Study: Contrary to GOP Rhetoric, Tax Cuts Haven't Really Helped North Carolina All That Much | News

Study: Contrary to GOP Rhetoric, Tax Cuts Haven't Really Helped North Carolina All That Much


North Carolinians haven't benefited from tax cuts over the past several years, according to a recent study by the nonpartisan but liberal-leaning Center on Budget and Policy Priorities.

The cuts were supposed to make North Carolina's economy soar, but in a state whose job growth rate was already well above the national average (5.8 percent compared to 4.2 percent), economic growth has instead leveled off in line with other states, according to the CBPP.

“State tax cut proponents often cite North Carolina as a model since its economy—unlike those of most states that have cut income tax rates deeply in recent years—is growing in line with the nation as a whole since cutting taxes,” the study says. “But even in North Carolina, the evidence is weak that the tax cuts caused the economy to surge.
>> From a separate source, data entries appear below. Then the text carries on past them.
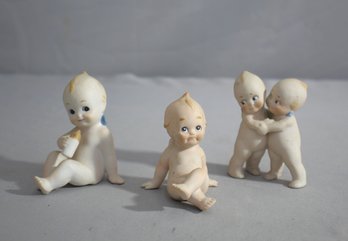 Group Of Three (3) Vintage Kewpie Doll Bisque Figurines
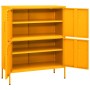 Armario de almacenamiento acero amarillo mostaza 80x35x101,5 cm de vidaXL, Taquillas y armarios de almacenamiento - Ref: Foro...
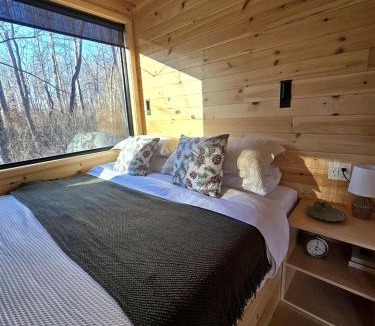 Quakertown House | Pine: Serene Tiny House Nestled in the Woods in Quakertown for a Romantic Glamping Getaway in Pennsylvania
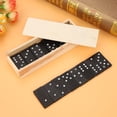 thumbnail image 4 of Domino Set, 28PCS Wooden Kids Learning Toy Set Lightweight Educational Numbers Learning Board Game Children Gift Safe and Creative, 4 of 7
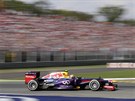 DRUHÝ. Australský jezdec Formule 1 Mark Webber skonil v kvalifikaci na Velkou...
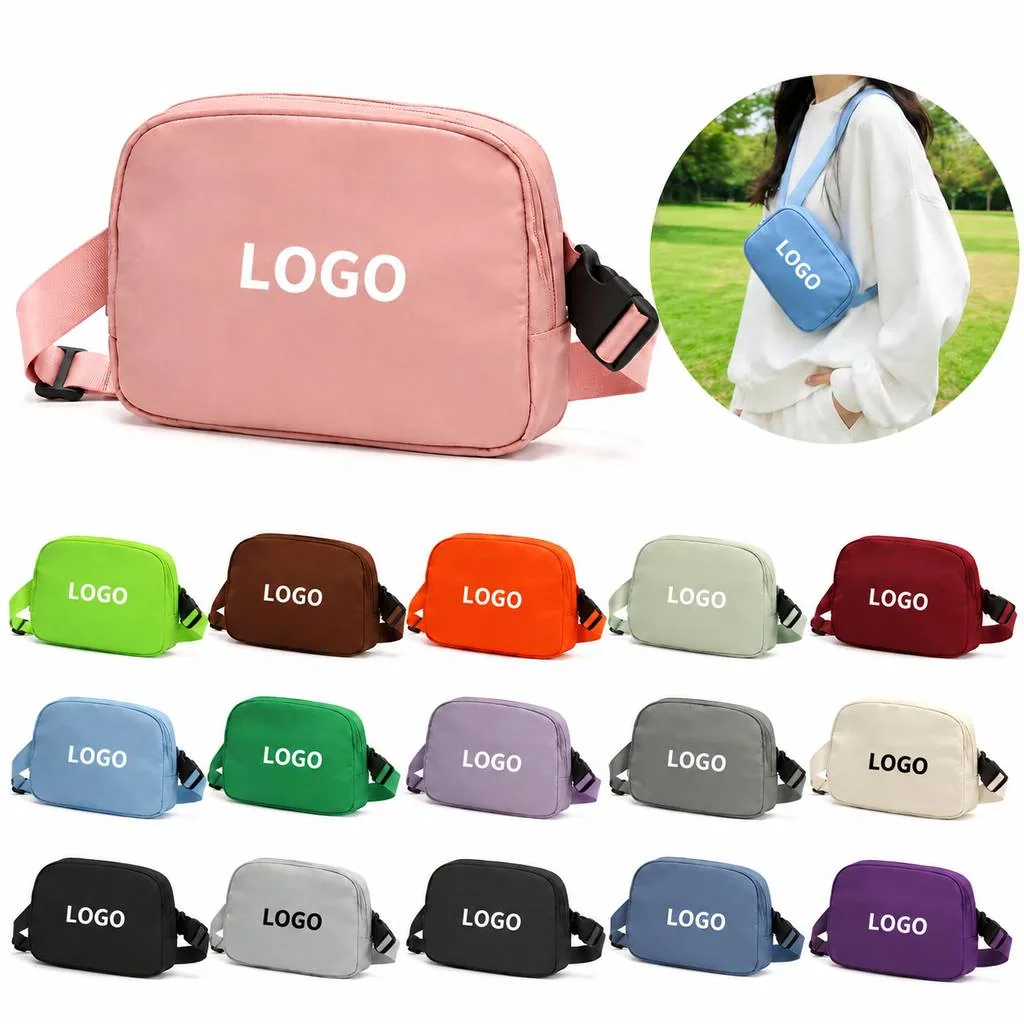 Adjustable Nylon Waist Pack for Sports and Outdoor Use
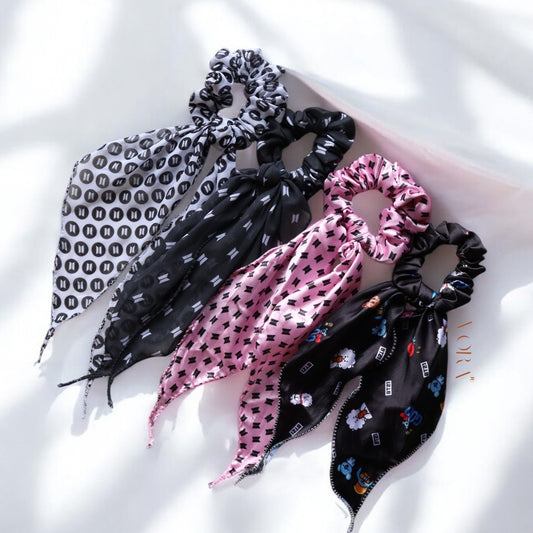 BTS Scarf scrunchie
In the years before the tax cuts took effect in 2014, North Carolina’s economy generally grew faster than the national economy and in line with neighboring states, even though North Carolina had easily the highest personal income tax rates in the region and much higher rates than it has today. … Since North Carolina enacted its tax cuts, however, Georgia and South Carolina have outpaced its growth in GDP and private-sector jobs, putting the state in the middle of the pack among its neighbors, even though none of the others have slashed income tax rates.”


Indeed, after North Carolina’s tax cuts were enacted in 2014, Georgia, Tennessee, and South Carolina all saw higher levels of growth in private-sector gross domestic product. Georgia and Tennessee also beat out North Carolina in private-sector job growth following North Carolina’s cuts.

In addition, the CBPP warned that tax cuts make it nearly impossible for states to improve their public education systems, which are integral to economic welfare. In North Carolina, where 53 percent of the general fund came directly from personal income tax in the 2016–17 fiscal year, tax cuts aren't helping an already lacking public school system.

Education Week ranked North Carolina fortieth out of fifty states and the District of Columbia in its overall education ranking for 2018. That continues a downward trend since 2011, when North Carolina was rated nineteenth.

All the while, the economy wasn't really improving in the way that Republican politicians promised. For the CBPP, this isn't surprising. It points to fifteen studies conducted since 2000 that illustrate the effects of personal income tax cuts across the nation. Eleven saw no considerable economic improvement, and the remaining studies showed inconclusive results.

North Carolina's personal income rates aren't the only taxes worth reconsidering. The GOP has also pushed for a lower corporate income tax rate of three percent. That went into effect at the beginning of last year, making it the lowest in the nation. So, as large corporations continue to benefit from tax breaks, our school system crumbles.